After criticising the recruits he attended a ball in his honour at which he made a poor impression on the inhabitants, telling them he wanted to see them booted and spurred, not in dancing pumps. But it was not the attitude of the Poles that lay at the root of Napoleon’s displeasure. On his arrival in Poznan he had sat down with the head of the commissariat, Pierre Daru, to review the provisioning of his troops, only to discover severe shortcomings. Matters only got worse as he progressed on his journey. By the time he reached Torun, he was furious. He complained bitterly to General Mathieu Dumas, Intendant General in charge of supplies, that none of his orders had been carried out.13

The supply machine he had devoted so much time and thought to had never quite materialised. ‘The means of transport, whether supplied by the military teams belonging to the army or by auxiliary means, were almost everywhere insufficient,’ admitted Dumas. ‘This immense army, which crossed the Prussian lands like a torrent, consumed all the resources of the land, and supplies from the reserve could not follow it with enough speed.’ There was a shortage of draught horses from the outset, and the consequences grew serious as the army began massing in Poland.14

The troops had already been subjected to a rude awakening. For those who had not taken part in the 1807 campaign, there was an element of surprise at the exoticism and the backwardness of many of the areas east of the Oder. They marvelled at the emptiness of the landscape and the flocks of storks. Henri Pierre Everts, a native of Rotterdam and a major in the 33rd Light Infantry regiment in Davout’s corps, could hardly believe his eyes when he beheld a Polish village for the first time. ‘I stopped in astonishment, and remained for some time sitting still on my horse observing those miserable wooden cottages of a type unknown to me, the small low church, also made of planks, and at the squalid appearance, the dirty beards and hair of the inhabitants, amongst whom the Jews seemed extraordinarily repulsive; all of this engendered some bitter reflections on the war which we were about to wage in such a country.’15

The meat and potatoes washed down with beer or wine which they had got used to on the march through France and Germany were replaced by buckwheat gruel, and the best they could find to drink was bad vodka, mead or kwas, made of fermented bread.

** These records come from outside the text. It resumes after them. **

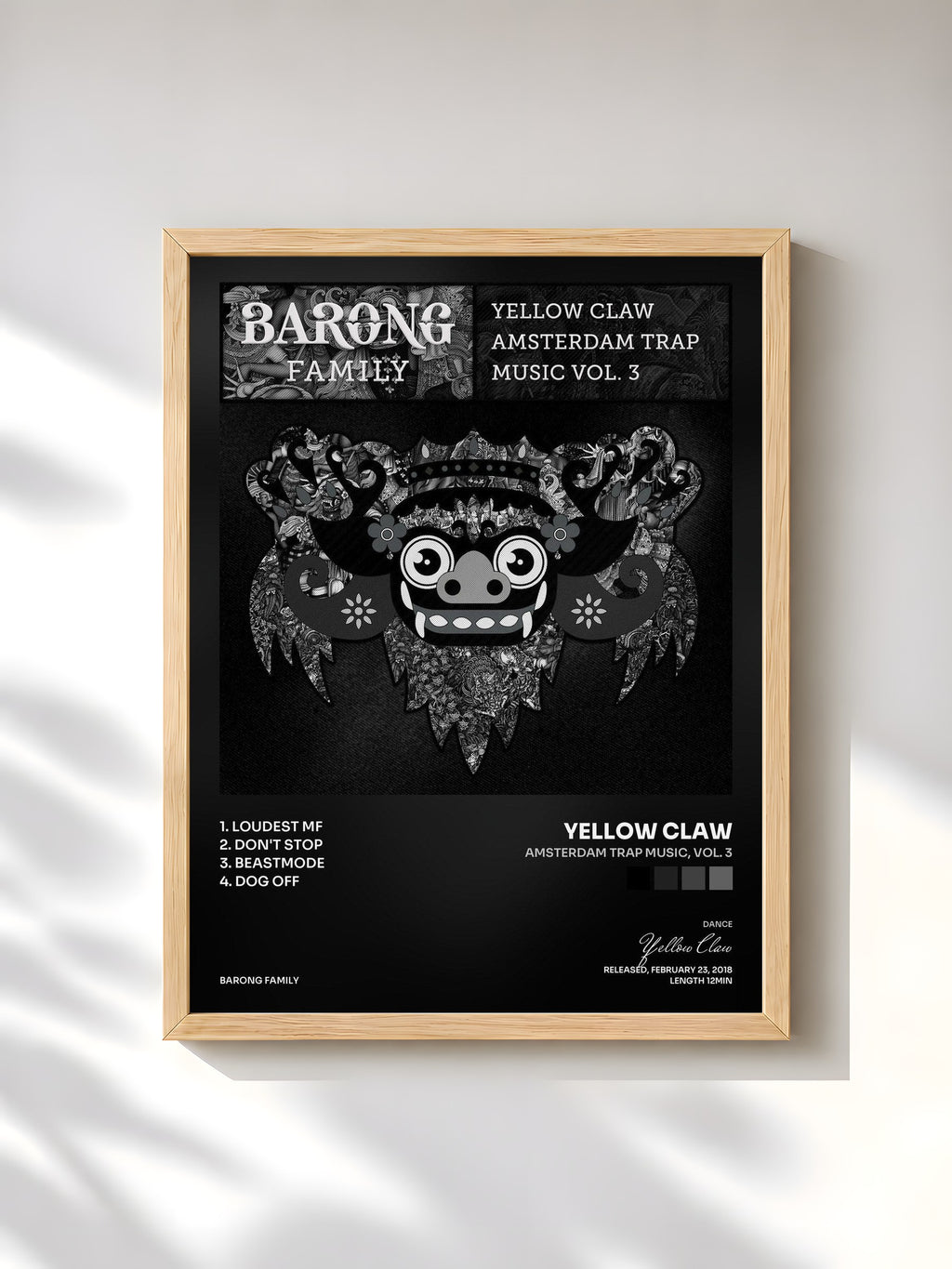 #bois Tableau de l'album Amsterdam Trap Music, Vol. 3 de Yellow Claw, cadre en bois brut, imprimé et encadré en France
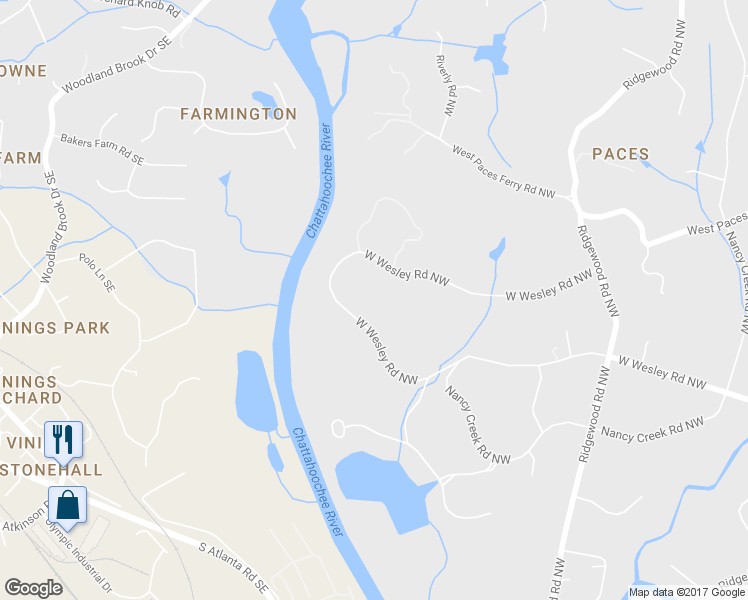 map of restaurants, bars, coffee shops, grocery stores, and more near 2167 West Wesley Road Northwest in Atlanta
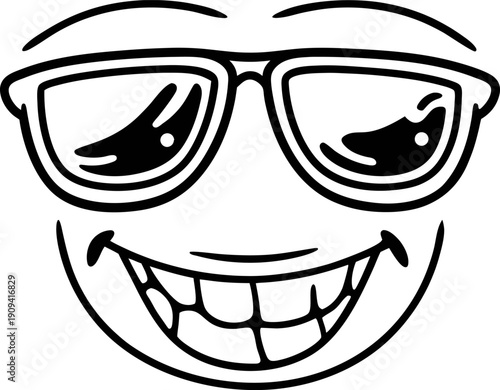 Cool smiling face with sunglasses, happy expression, confident and cheerful mood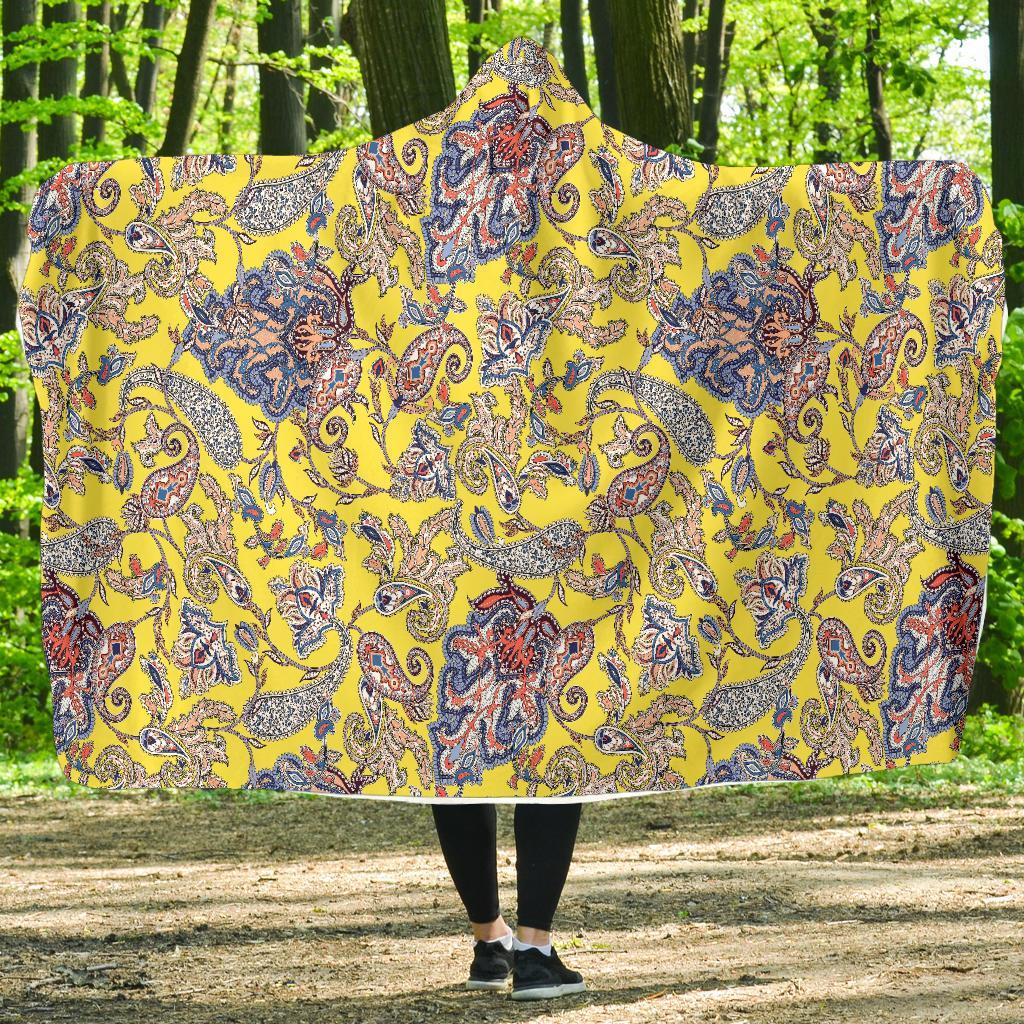 Yellow Paisley Pattern Print Hooded Blanket-grizzshop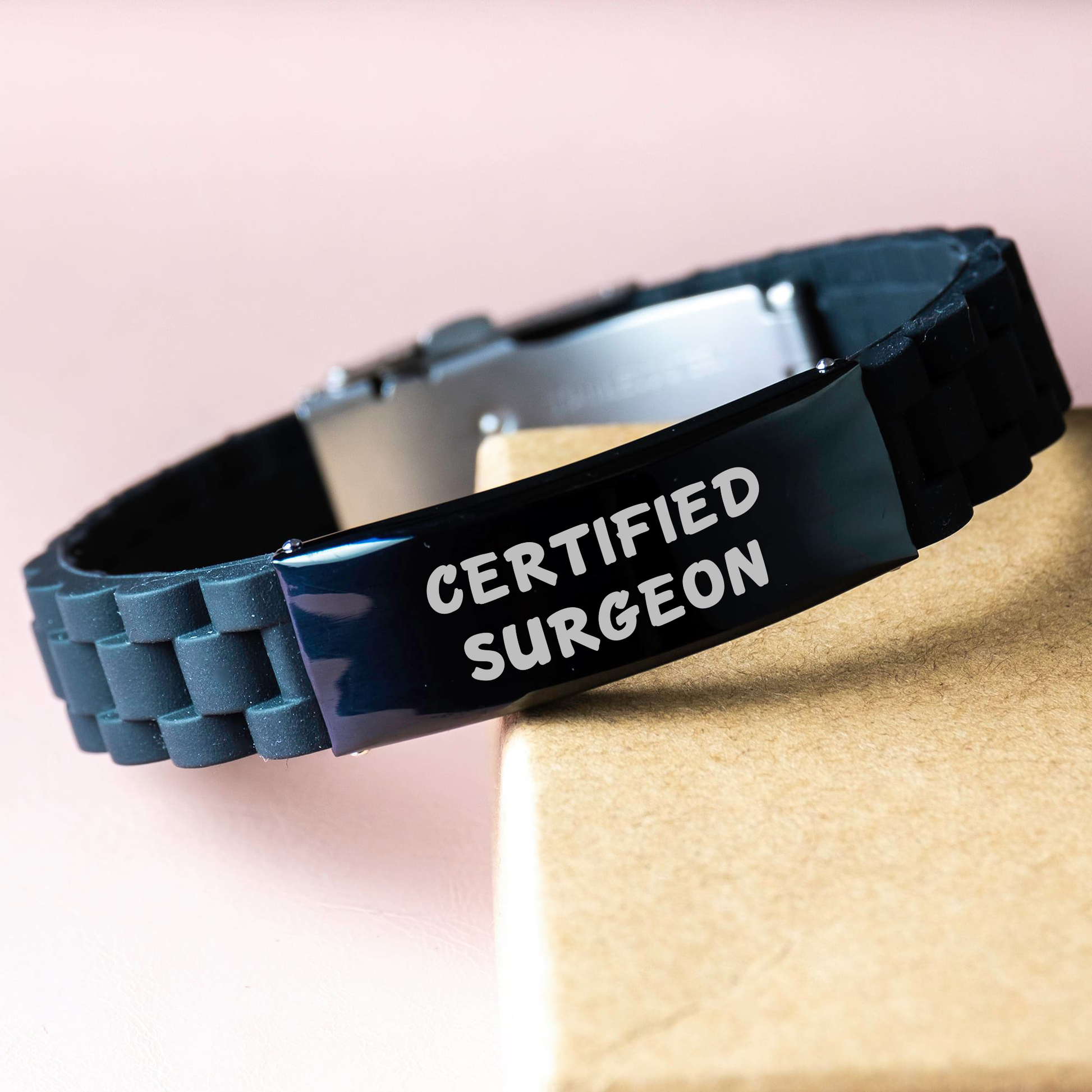 Funny Surgeon Gifts from Men - Glide lock Clasp Black Stainless Steel Silicone Adjustable Bracelet for Surgeons, Father's Day Unique Gifts - Image 3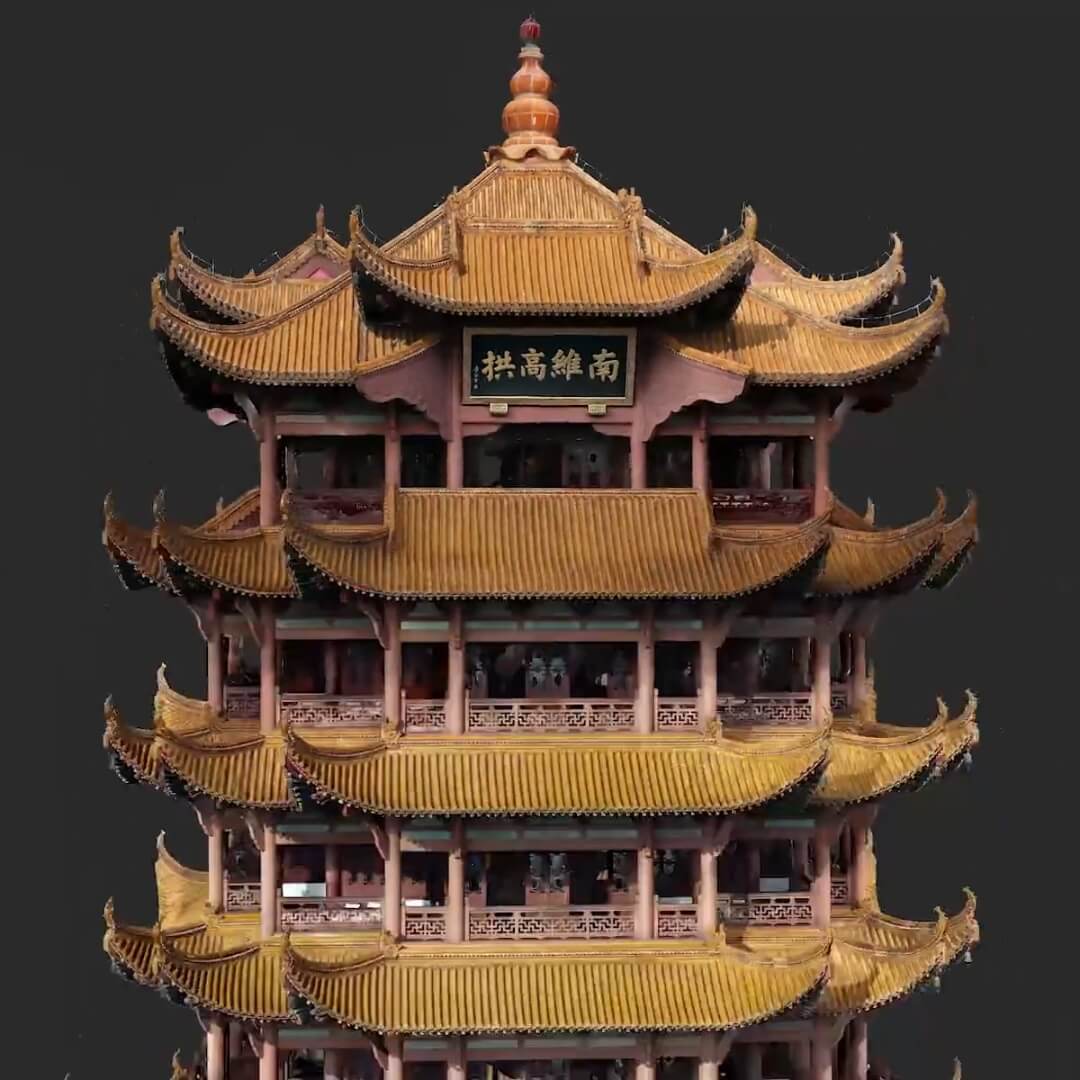 3D render of traditional Chinese pagoda with a dark background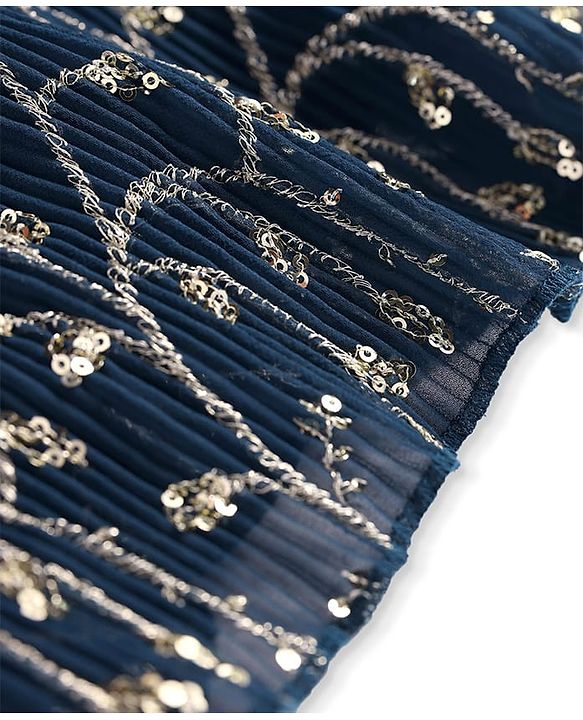 Pine Kids Woven Singlet Sleeves Choli Lehenga Set with Dupatta & Floral Sequin Detailing - Navy Blue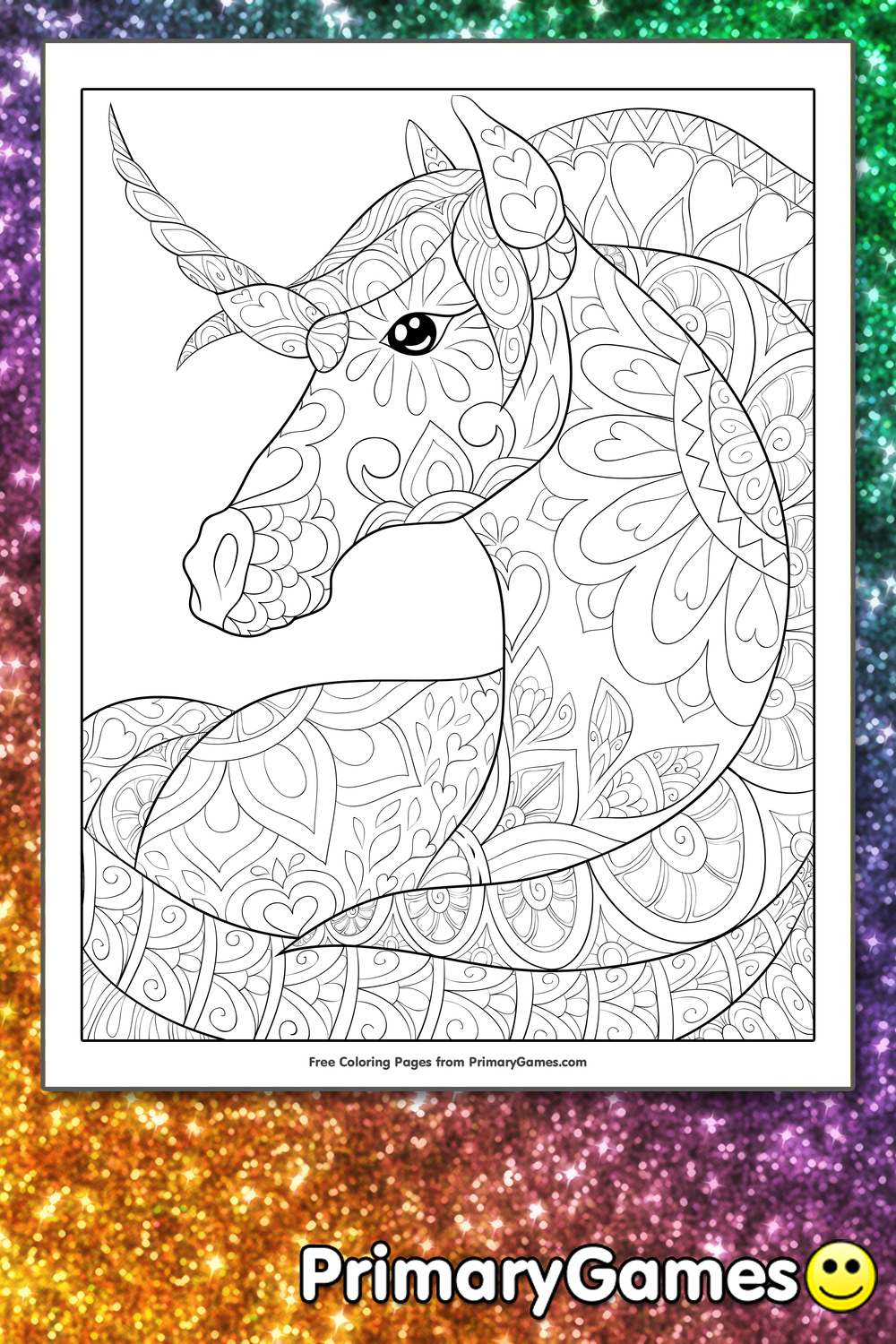 Zentangle Unicorn Coloring Page Free Printable Pdf From Primarygames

Even these had to be purchased, mostly at inflated prices, from the Jews who swarmed round them in every town and village. Communication took place in a variety of pidgin French, German and Latin. ‘Up to that point, our march had been no more than a pleasant promenade,’ wrote a rueful Julien Combe, a lieutenant in the 8th Chasseurs à Cheval.16 From now on, it was to be an ordeal.

East Prussia and Poland were neither as rich nor as intensely cultivated as most of western Europe. The Continental System had diminished the amount of land under cultivation, since much of the produce had previously been exported, and had lost its markets as a result of the blockade. The traditional exports such as timber, potash, hemp and so on had also been cut off from their markets. To make matters worse, the previous year had seen a serious drought and the harvest had failed. This meant that landowners had been obliged to use up all their reserves of grain and fodder just to keep themselves and their peasants alive, so much so that there was a shortage of grain for sowing in the spring of 1812. The poorest peasants were eating bread made of acorns and birch bark, and pulling thatch off roofs in order to feed their horses and cattle.17

The need to raise an army almost twice as large as the territory and the population could realistically furnish or support put a terrible strain on the economy and the administration. The government of the Grand Duchy of Warsaw was insolvent, and no official had been paid for eight months. ‘The hardships we were suffering seemed so bad that things could not get much worse,’ wrote the wife of the Prefect of Warsaw to a friend at the end of March 1812, ‘but it turns out that things can get worse, and worse without limit.’18 Things did indeed get much worse as hundreds of thousands of hungry men and horses flooded into the area.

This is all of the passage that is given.